Last year, I summoned the courage to forgive myself and my father after almost ten years estranged.
Witnessing an alcohol fueled argument between my father and step mother in the summer of 2002 triggered a flood of painful emotions I had buried deep inside for most of my life. I decided in that moment that my father was out of control for the last time in my presence. As a new mother, I made the choice to protect my young daughter and myself from a narcissistic, often mean-spirited, “Jekyll and Hyde” character who happened to be my Dad.
As a transformational coach and self-care enthusiast, I believe we must learn to create safe boundaries to honor and protect ourselves. We subconsciously erect protective walls around our hearts to insulate ourselves from the pain and trauma we once endured. The good news is that we can remove the barriers within that keep us from experiencing compassionate self-care.
Over the last 10 years, I’ve learned that you can heal your past, open your heart and experience more joy. In my experience, forgiveness began my cycle of personal healing. Whether through coaching, counseling, or facing things on our own, there is deep emotional healing that must be attended to in order to reach a place where the old story is no longer the only story.
I believe that when each one of us heals and forgives ourself, we invite a profound shift in compassion for ourselves and the world. When you experience compassion and trust, you feel loved. You’re at home in your body, and your relationships with yourself and others are at their best.
A significant part of the sacred process for letting go of an emotionally difficult past includes practicing yoga, sacred communication exercises and an understanding of the Sacred Heart Healing Cycle.
Yoga means “Union” – the union of the mind, body, and spirit with the Divine. Practicing Yoga quite literally transformed my life. From my first gentle yoga class, through my teacher training, and teaching Luscious Living Yoga playshops, Yoga has remained the perfect way for me to access peace and tranquility while calling up repressed emotions and facing the scary monsters under my bed.
If you want to get to the root of what is weighing you down, drop in on an introductory Yoga class and get back in touch with your body, mind and spirit.
Sacred Heart Healing Cycle
Your heart is at the core of your beautiful spirit, where you can open up and connect with infinite joy and peace. The health of your heart registers the quality of love in your life.
When we choose love, fear melts away. Love is the greatest healer of all. The most powerful way to open, energize and care for your heart is to learn to love yourself and others without judgment. Be yourself. Let others be who they are. Be mindful of the number of times each day you judge yourself. Simply notice your rambling inner critic, thank her for her opinion, and ask her to sit down and be quiet.

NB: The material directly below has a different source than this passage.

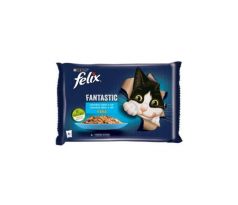 Nestlé FELIX Fantastic cat Multipack výber z rýb želé kapsička 4x85 g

I created the Sacred Heart Healing Cycle to help you identify with some of the feelings you may be experiencing within the cycle. Each emotion represents a part of your experience and can be attributed to your overall upbringing, parent-child relationships, school experiences, romantic relationships, professional relationships, and your relationship with yourself.

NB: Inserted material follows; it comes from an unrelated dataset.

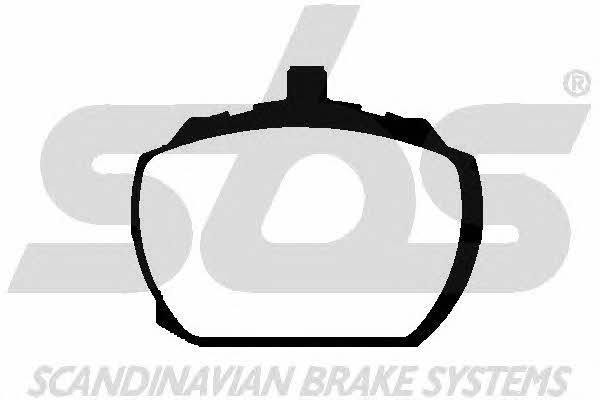 SBS 1501229922 Brake Pad Set, disc brake 1501229922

The cycle begins with the abundant flow of pure loving energy we are born with. We are shiny and new. Innocent. As we grow up, we endure personal experiences of heartbreak, pain, and wounding. If we’ve been a victim of abuse and significant loss, trusting ourselves and others can seem unfathomable.

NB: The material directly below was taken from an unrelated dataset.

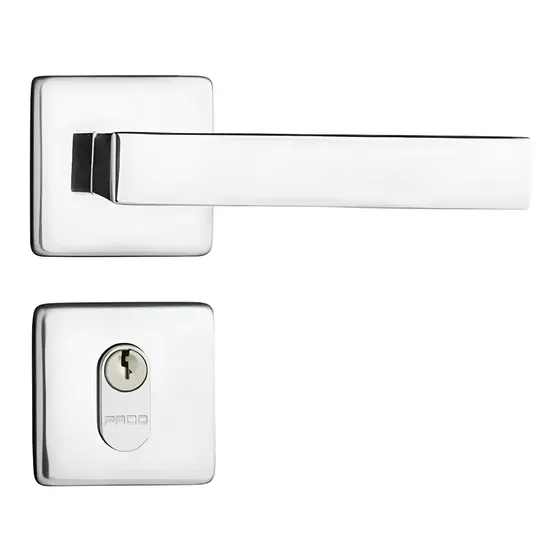 Imagem do produto Pado Fechadura Concept 409 Roseta Quadrada Externa Cromada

When we decide that we no longer want to suffer, we summon the courage to heal our precious hearts. We can return to innocence and complete the cycle.
Below, I’ve categorized the feelings and behaviors of which you should be mindful during each part of the Sacred Heart Healing Cycle.
Where are you in this cycle? Can you identify with some of the feelings? What do you know you need to do to support the feeling you’re experiencing right now?
You can set yourself free from attachment to the trauma that comes with a painful past. The best thing you can do right now is forgive yourself and forgive everyone else who’s ever done you harm. Carrying the weight of a painful past is like committing an act of violence against yourself, every day. Imagine being rid of the burden, anger and grudges you’ve toted along with you over the years. How would it feel to let them all go? I can tell you from experience that it feels incredible.
Communicating directly from the heart with ourselves and others takes practice. If you are ready to practice sharing your truth, here are a couple exercises to get you in the flow of sincere communication.
Write a letter to the one(s) who hurt you. Let your angry feelings fill the page. Rant, scream, cry. Get it all out. When you can’t write another word, bless your letter and then burn it in a burn barrel or fireplace.Bless it and Burn it! Let it go. You will feel so much better. There is no resting place for rage in your beautiful heart.
Write a letter of forgiveness to yourself (or someone else). Identify what is haunting you and pour your heart out on the page. Squeeze out every detail of how you feel about the ghost(s) of your past. Forgive yourself for everything. Forgive everyone who’s done you harm. You deserve to let go of the pain and suffering that comes with holding a grudge. You do not have to beat yourself up any longer. You deserve the freedom that comes with forgiveness.